● **Input data**:
--- START ---

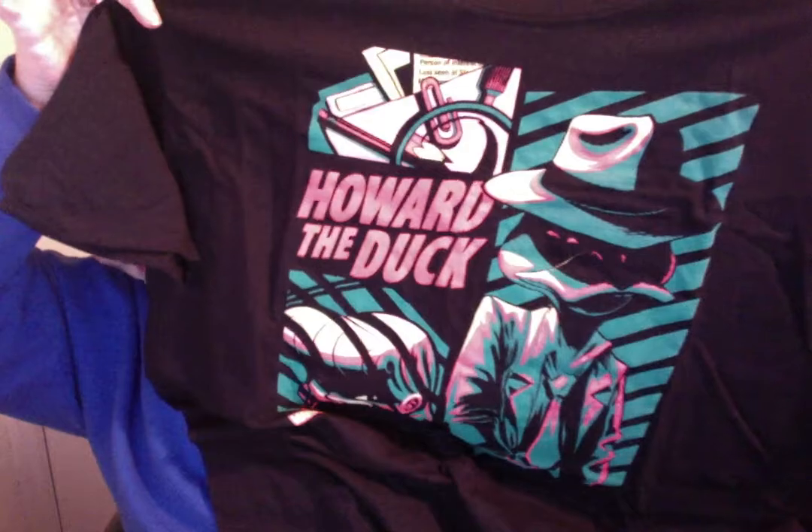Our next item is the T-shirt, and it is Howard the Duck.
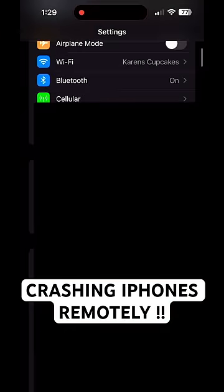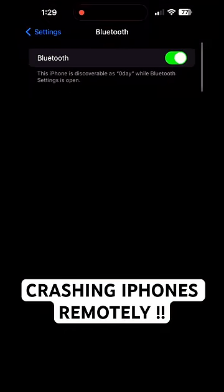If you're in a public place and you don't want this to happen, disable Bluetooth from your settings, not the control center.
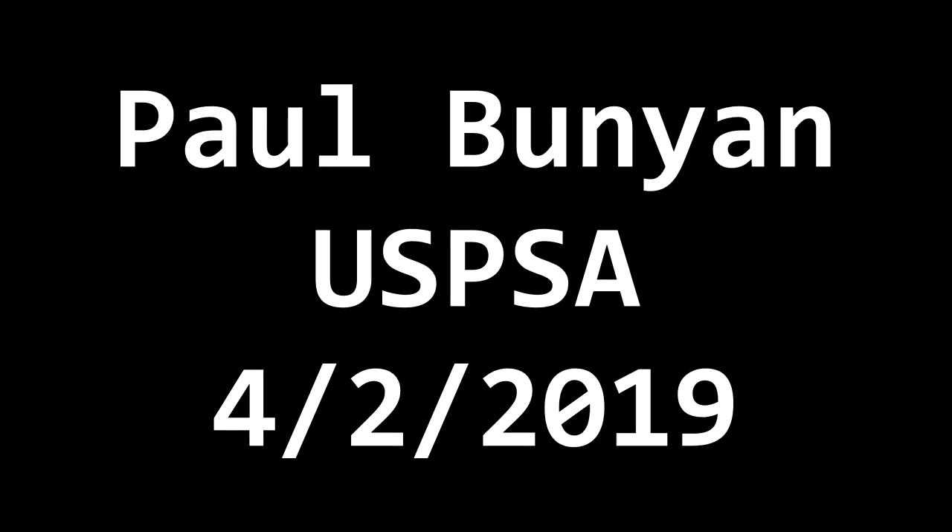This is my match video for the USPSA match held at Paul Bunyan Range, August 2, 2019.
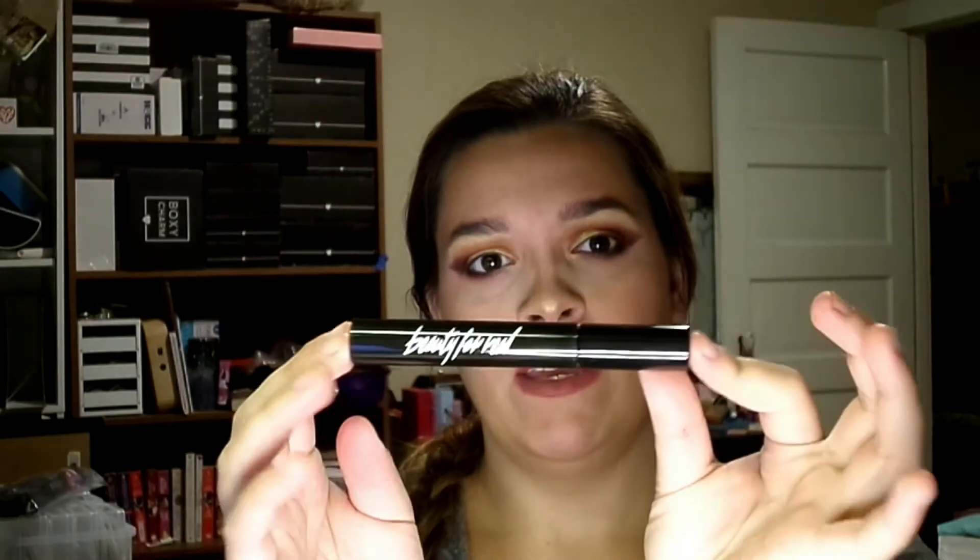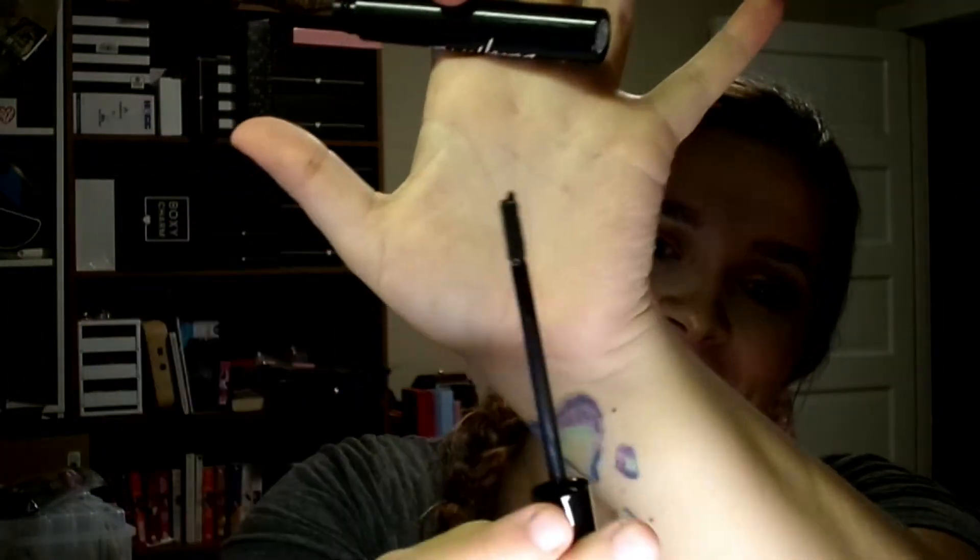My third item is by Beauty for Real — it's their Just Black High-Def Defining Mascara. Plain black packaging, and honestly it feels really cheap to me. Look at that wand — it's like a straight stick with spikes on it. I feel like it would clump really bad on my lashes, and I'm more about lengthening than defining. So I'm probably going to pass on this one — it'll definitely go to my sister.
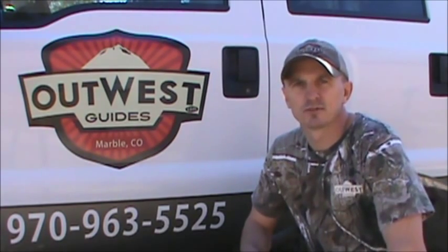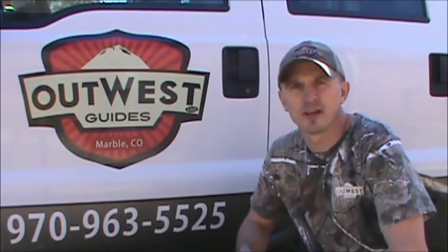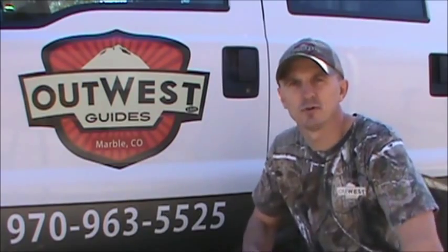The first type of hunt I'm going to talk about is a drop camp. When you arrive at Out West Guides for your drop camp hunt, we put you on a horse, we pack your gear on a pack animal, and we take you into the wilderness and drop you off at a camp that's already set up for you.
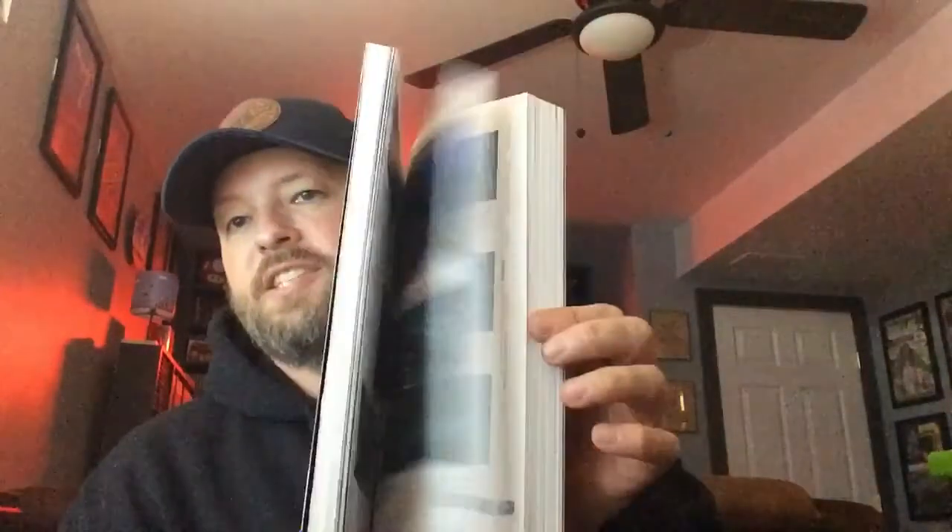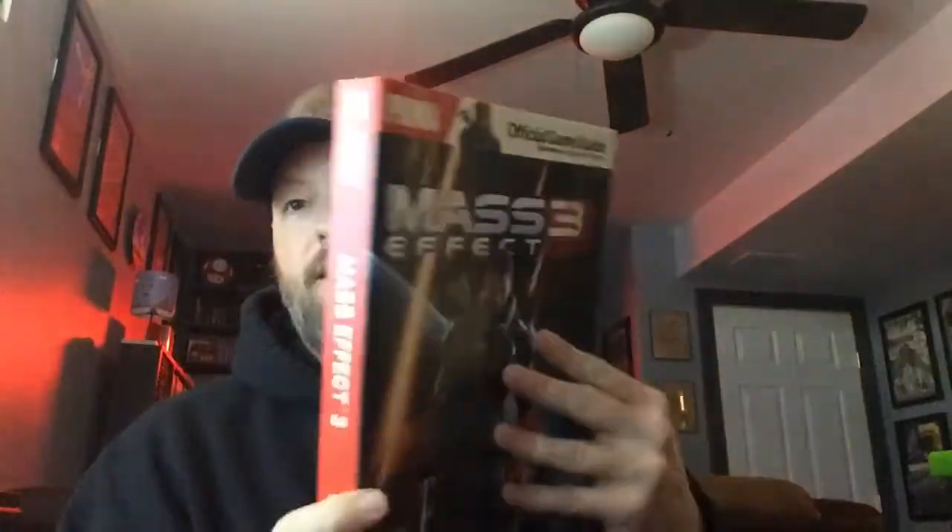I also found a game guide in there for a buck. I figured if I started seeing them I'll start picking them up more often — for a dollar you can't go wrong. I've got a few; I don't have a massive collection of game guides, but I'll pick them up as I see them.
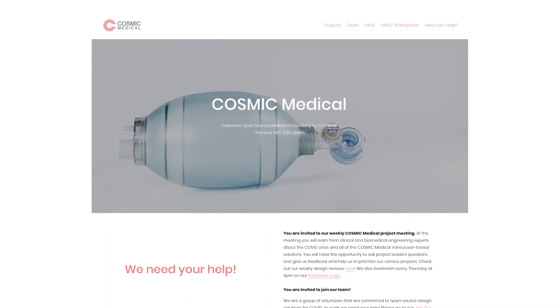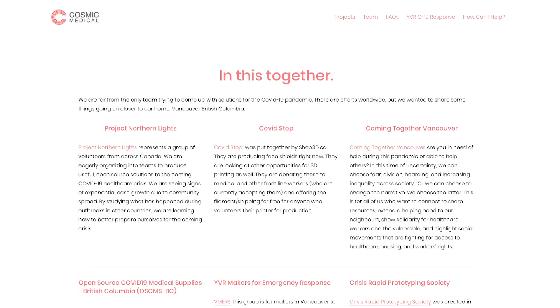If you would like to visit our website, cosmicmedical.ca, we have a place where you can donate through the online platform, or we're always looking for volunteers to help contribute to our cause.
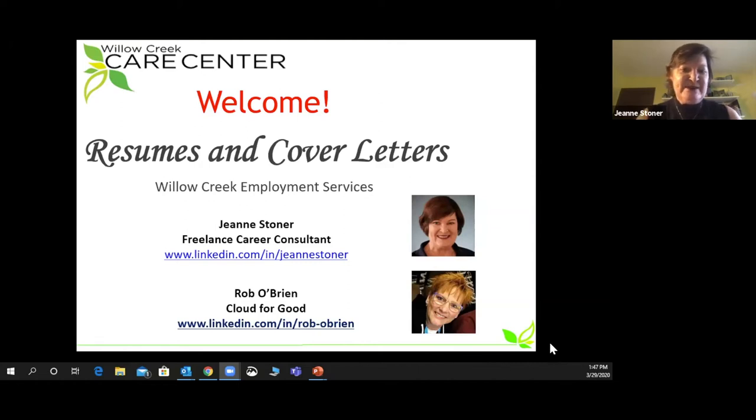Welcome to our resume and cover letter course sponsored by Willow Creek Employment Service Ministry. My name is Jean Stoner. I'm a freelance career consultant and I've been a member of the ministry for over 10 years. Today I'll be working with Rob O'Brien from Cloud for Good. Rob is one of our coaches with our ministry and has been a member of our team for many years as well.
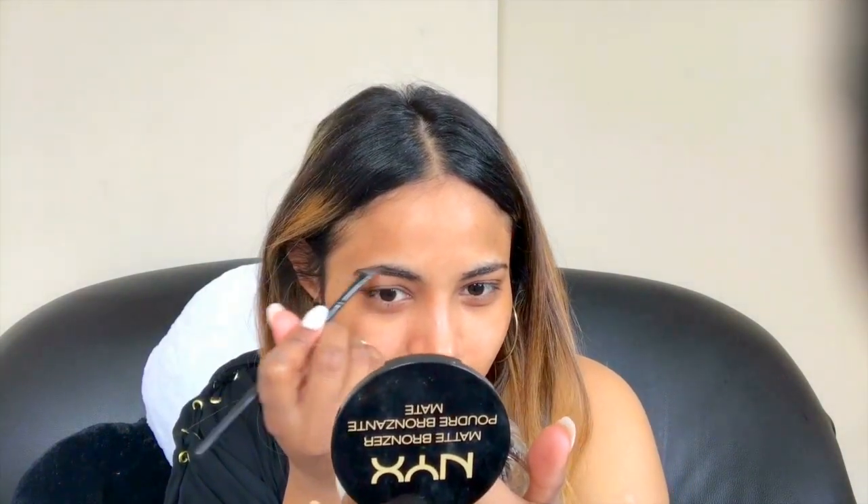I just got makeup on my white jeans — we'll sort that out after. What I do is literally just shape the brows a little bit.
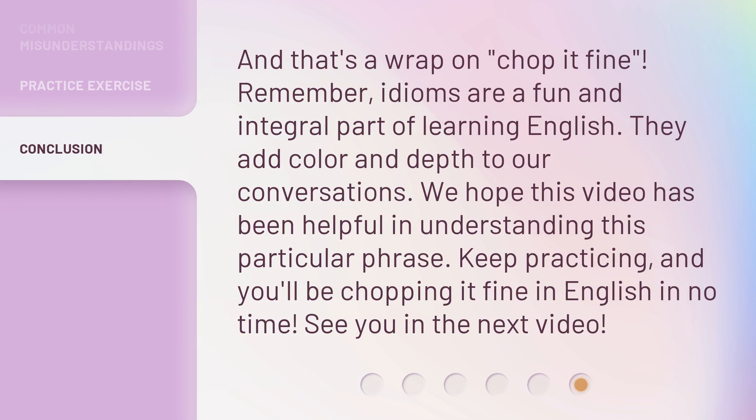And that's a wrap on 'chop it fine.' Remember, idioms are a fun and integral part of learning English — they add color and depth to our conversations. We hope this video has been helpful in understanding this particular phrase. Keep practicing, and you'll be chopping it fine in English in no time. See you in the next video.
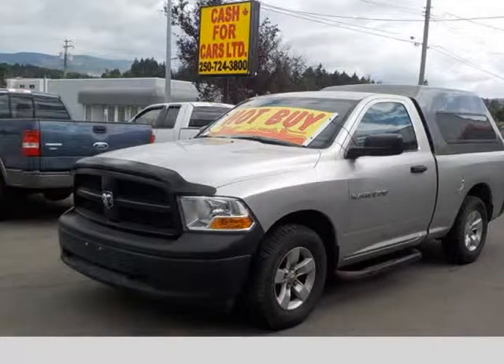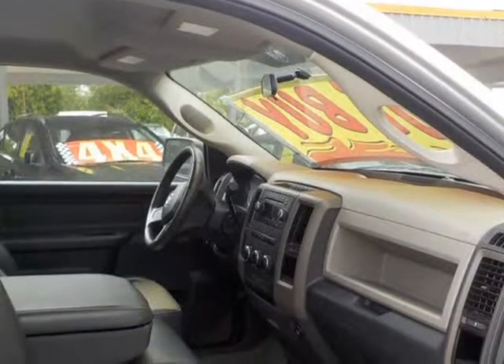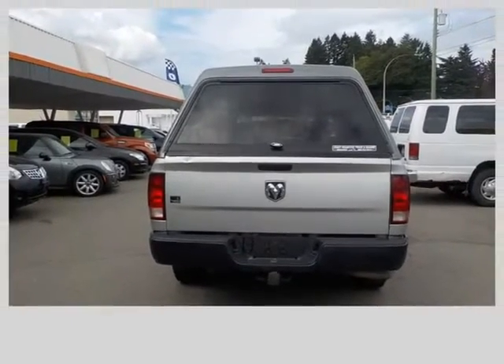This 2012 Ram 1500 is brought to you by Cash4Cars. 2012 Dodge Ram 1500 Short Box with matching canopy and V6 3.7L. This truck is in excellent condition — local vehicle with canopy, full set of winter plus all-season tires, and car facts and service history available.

--- END ---

● **Exercise goal**: Return, exactly as they stand, the lines from the opening line of the listing through the line with "I just got makeup", both ends counted, and no pictures.

● **Written answer**:
Our next item is the T-shirt, and it is Howard the Duck.
If you're in a public place and you don't want this to happen, disable Bluetooth from your settings, not the control center.
This is my match video for the USPSA match held at Paul Bunyan Range, August 2, 2019.
My third item is by Beauty for Real — it's their Just Black High-Def Defining Mascara. Plain black packaging, and honestly it feels really cheap to me. Look at that wand — it's like a straight stick with spikes on it. I feel like it would clump really bad on my lashes, and I'm more about lengthening than defining. So I'm probably going to pass on this one — it'll definitely go to my sister.
The first type of hunt I'm going to talk about is a drop camp. When you arrive at Out West Guides for your drop camp hunt, we put you on a horse, we pack your gear on a pack animal, and we take you into the wilderness and drop you off at a camp that's already set up for you.
I also found a game guide in there for a buck. I figured if I started seeing them I'll start picking them up more often — for a dollar you can't go wrong. I've got a few; I don't have a massive collection of game guides, but I'll pick them up as I see them.
If you would like to visit our website, cosmicmedical.ca, we have a place where you can donate through the online platform, or we're always looking for volunteers to help contribute to our cause.
Welcome to our resume and cover letter course sponsored by Willow Creek Employment Service Ministry. My name is Jean Stoner. I'm a freelance career consultant and I've been a member of the ministry for over 10 years. Today I'll be working with Rob O'Brien from Cloud for Good. Rob is one of our coaches with our ministry and has been a member of our team for many years as well.
I just got makeup on my white jeans — we'll sort that out after. What I do is literally just shape the brows a little bit.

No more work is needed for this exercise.